Your goal: Reproduce from the records below, with no pictures, exactly the lines between the one containing "Bird Stencil 4" and the one containing "Android 10 avtoradio", inclusive.

Entries shown:
§ §

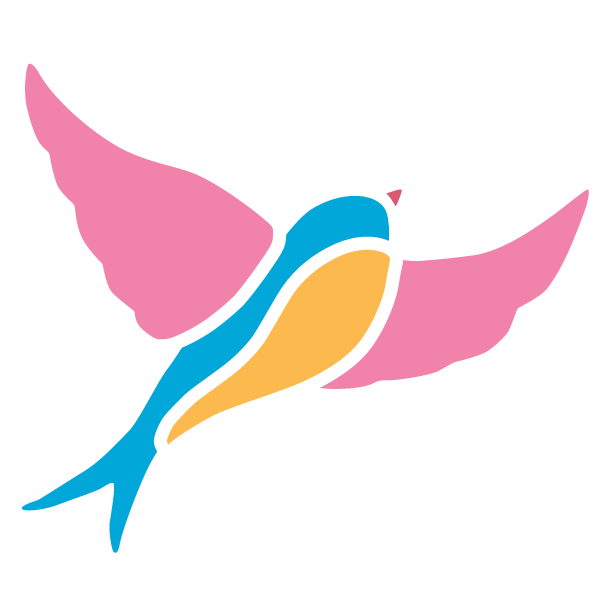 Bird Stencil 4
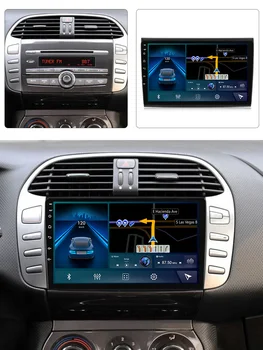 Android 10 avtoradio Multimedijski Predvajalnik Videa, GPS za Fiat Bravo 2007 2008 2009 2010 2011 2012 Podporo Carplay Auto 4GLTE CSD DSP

§ §

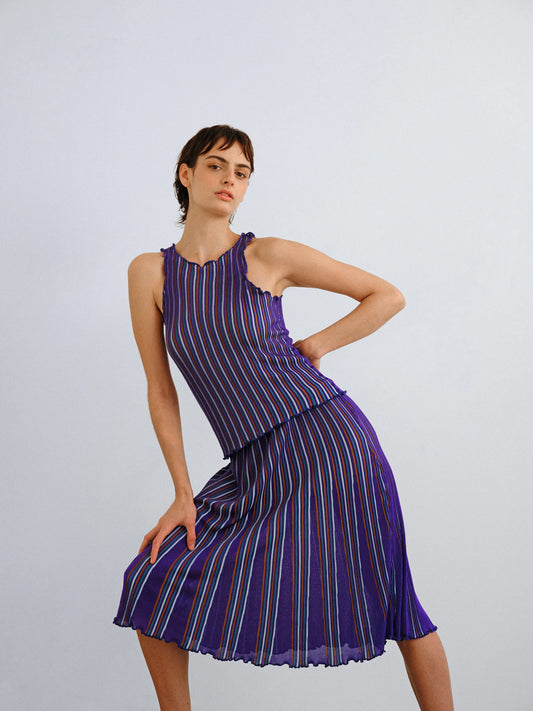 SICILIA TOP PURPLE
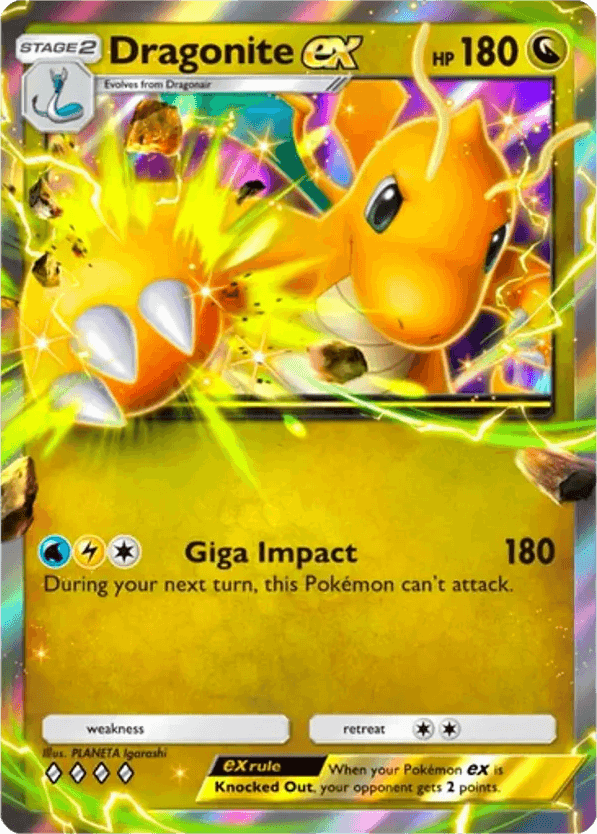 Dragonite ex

§ §

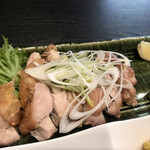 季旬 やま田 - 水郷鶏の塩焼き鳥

§ §

Answer to this problem:
 Bird Stencil 4
 Android 10 avtoradio Multimedijski Predvajalnik Videa, GPS za Fiat Bravo 2007 2008 2009 2010 2011 2012 Podporo Carplay Auto 4GLTE CSD DSP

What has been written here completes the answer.